Problem:
Everything in the listing below except the pictures should be reproduced exactly.

Data section:
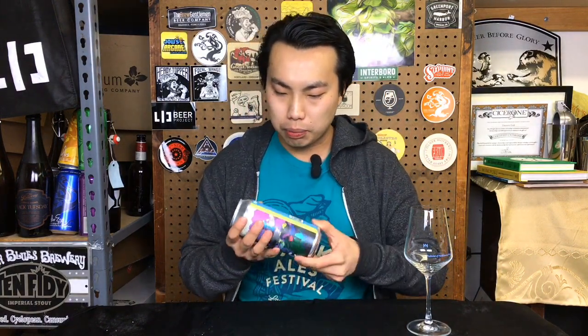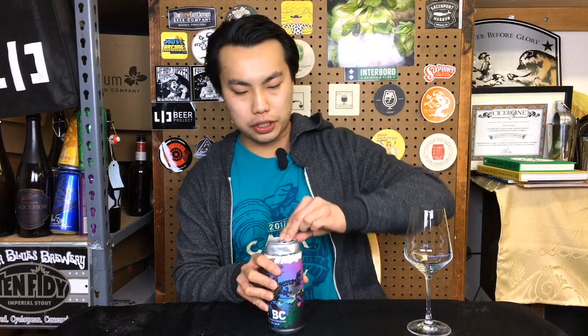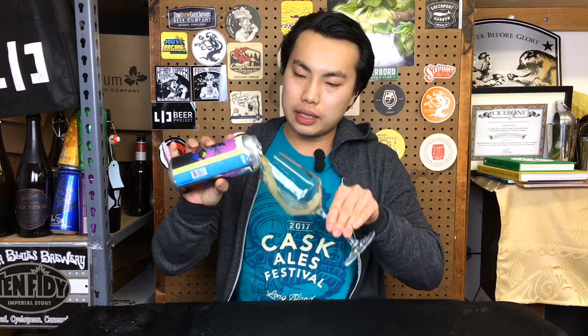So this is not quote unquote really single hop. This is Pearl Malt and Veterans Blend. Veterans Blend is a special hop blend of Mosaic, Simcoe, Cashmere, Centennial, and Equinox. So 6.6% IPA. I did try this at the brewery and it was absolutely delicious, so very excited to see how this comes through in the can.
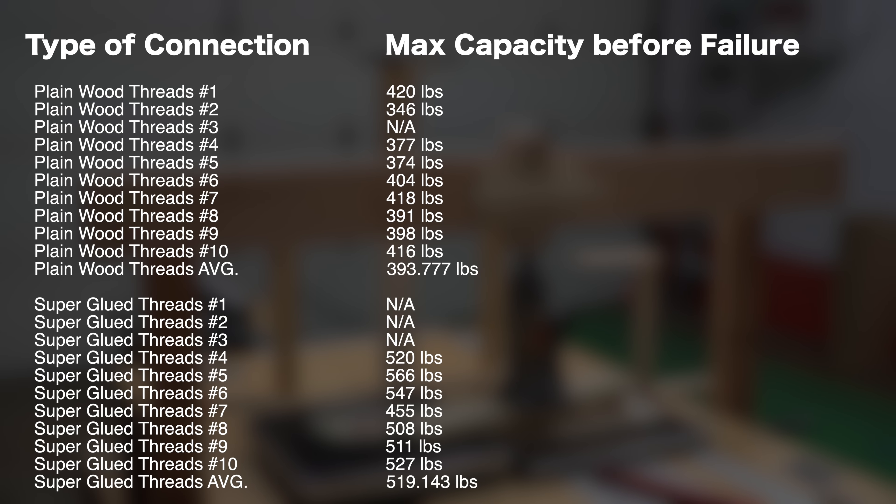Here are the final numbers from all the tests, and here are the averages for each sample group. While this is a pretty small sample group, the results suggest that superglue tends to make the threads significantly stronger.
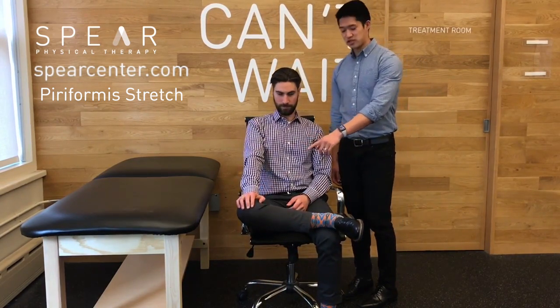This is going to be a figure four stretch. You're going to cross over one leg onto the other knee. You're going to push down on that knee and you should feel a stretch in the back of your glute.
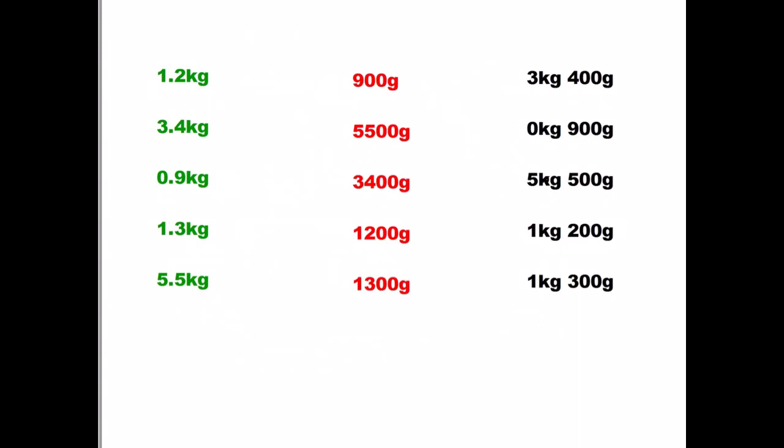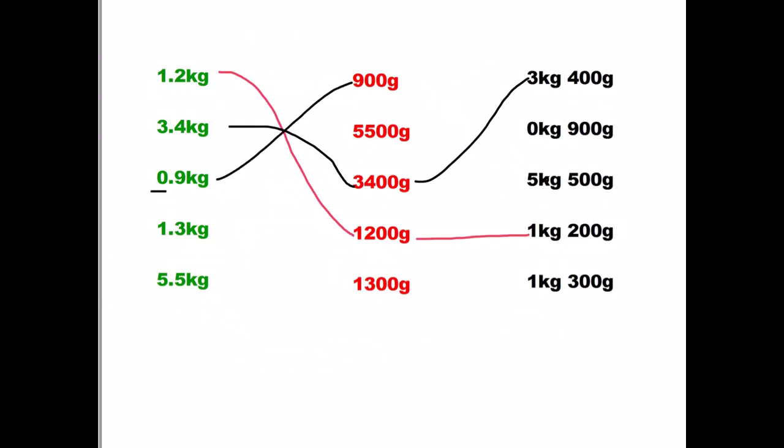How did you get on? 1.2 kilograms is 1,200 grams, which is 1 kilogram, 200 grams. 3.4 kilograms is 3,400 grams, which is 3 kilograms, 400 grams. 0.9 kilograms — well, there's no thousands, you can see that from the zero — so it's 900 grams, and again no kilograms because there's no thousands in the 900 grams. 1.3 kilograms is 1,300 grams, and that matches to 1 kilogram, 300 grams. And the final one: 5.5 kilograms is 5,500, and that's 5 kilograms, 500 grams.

Task result:
So this is not quote unquote really single hop. This is Pearl Malt and Veterans Blend. Veterans Blend is a special hop blend of Mosaic, Simcoe, Cashmere, Centennial, and Equinox. So 6.6% IPA. I did try this at the brewery and it was absolutely delicious, so very excited to see how this comes through in the can.
Here are the final numbers from all the tests, and here are the averages for each sample group. While this is a pretty small sample group, the results suggest that superglue tends to make the threads significantly stronger.
This is going to be a figure four stretch. You're going to cross over one leg onto the other knee. You're going to push down on that knee and you should feel a stretch in the back of your glute.
How did you get on? 1.2 kilograms is 1,200 grams, which is 1 kilogram, 200 grams. 3.4 kilograms is 3,400 grams, which is 3 kilograms, 400 grams. 0.9 kilograms — well, there's no thousands, you can see that from the zero — so it's 900 grams, and again no kilograms because there's no thousands in the 900 grams. 1.3 kilograms is 1,300 grams, and that matches to 1 kilogram, 300 grams. And the final one: 5.5 kilograms is 5,500, and that's 5 kilograms, 500 grams.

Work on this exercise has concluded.